Friday, July 3, 2015

Journals-very important, variety of ways to do it

          I love journals! I even love to write in them. But I'm not very good at writing in them regularly. It feels like there's always so much other stuff that has to get done, that by the time I sit to write, I fall asleep at my desk. I've tried a variety of things the last two years, because I really want to keep a journal.
          When I was little and there were only 4 kids in my family, my parents spent some time each Sunday afternoon writing in journals they were keeping for each of us 4 kids. Looking back at that old journal, I am reminded of lots of fun things I forgot. It was also funny to read again when my youngest was the same age that I was in those journals.  I could see how similar we were at the same age, and what my parents did to try to work around my stubbornness and feistiness. For Example: When I was 5, I refused to wear pants, even when it was cold. I only liked skirts and dresses. We compromised by me wearing warm tights, and pants under my skirts while I walked to school. When I got to school, I could put the pants in my backpack, and I still had the warm tights on. Mom was happy I stayed warm, and I was happy to be in skirts. Today I own just a few knit pants that I only wear during heavy gardening or painting the house. I do light gardening in a denim skirt and an apron, because I still really do not like pants!

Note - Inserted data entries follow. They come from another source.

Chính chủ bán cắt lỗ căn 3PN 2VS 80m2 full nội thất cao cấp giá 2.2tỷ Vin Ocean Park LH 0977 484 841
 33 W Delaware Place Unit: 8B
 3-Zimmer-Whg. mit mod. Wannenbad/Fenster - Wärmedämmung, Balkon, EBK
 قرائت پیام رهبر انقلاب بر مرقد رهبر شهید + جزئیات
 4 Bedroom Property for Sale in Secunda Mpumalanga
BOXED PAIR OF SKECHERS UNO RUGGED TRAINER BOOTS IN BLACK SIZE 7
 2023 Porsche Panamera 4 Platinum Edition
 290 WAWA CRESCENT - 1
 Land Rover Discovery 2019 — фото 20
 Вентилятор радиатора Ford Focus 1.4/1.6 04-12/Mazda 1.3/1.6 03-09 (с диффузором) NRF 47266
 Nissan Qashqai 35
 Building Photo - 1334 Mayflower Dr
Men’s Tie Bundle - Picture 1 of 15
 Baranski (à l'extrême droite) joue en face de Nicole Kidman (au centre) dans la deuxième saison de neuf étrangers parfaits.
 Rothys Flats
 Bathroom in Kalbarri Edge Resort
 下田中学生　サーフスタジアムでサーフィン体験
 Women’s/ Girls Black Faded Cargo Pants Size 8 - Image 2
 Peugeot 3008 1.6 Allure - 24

          One day I complained to a friend that I was bummed I really stank at writing in journals. She said she'd call me back soon. When she did, she had copy and pasted parts of  emails I had sent her into a word document, telling what I had been doing, about my kids, a few pictures I sent her etc. The emails had dates, so it looked like a typed journal. And it was multiple pages long for only 3 months of emails! Awhile back before I knew my health problem, I struggled to type with my right hand or see out of my left eye. I worked with my phone, and saw that I could speak into my Android phone, and it would type up what I was saying. I typed up email (Gmail) replies by speaking into my phone. I also started doing journal entries the same way.
New roof after fire May 2008

crane, new roof after fire

          I have always tried to take a few pictures of what we were doing to help me remember, sort of as a picture journal. All my pictures are in date order and have the dates as the prefix for each title. When our house was being rebuilt after our fire, we took pictures showing the progress and cool things we don't see every day, like the rafters of the roof going up by crane.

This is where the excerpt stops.